None of the pictures should be copied, though every line of the listing must be printed exactly.

INFORMATION SUPPLIED
------------------------------------------------

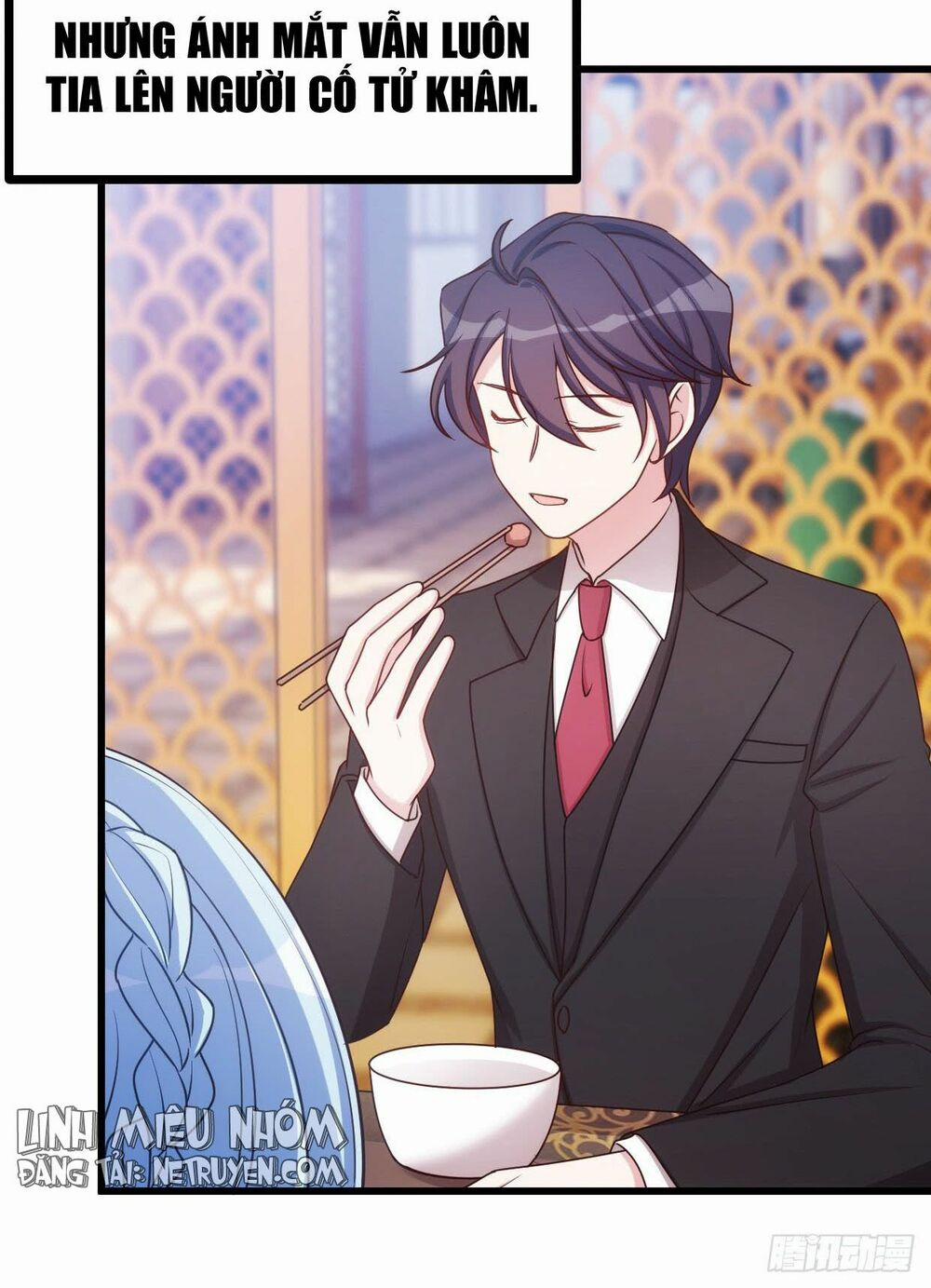 Tiểu Bạch Nam Thần Daddy 12 trang 14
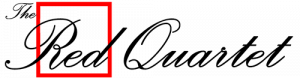 The Red Quartet Logo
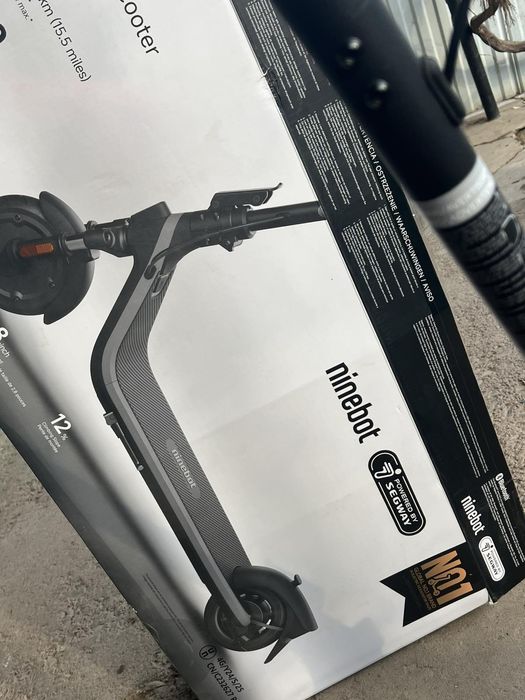 ЕлектросамокатNinebot E2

------------------------------------------------

WRITTEN SOLUTION
 Tiểu Bạch Nam Thần Daddy 12 trang 14
 The Red Quartet Logo
 ЕлектросамокатNinebot E2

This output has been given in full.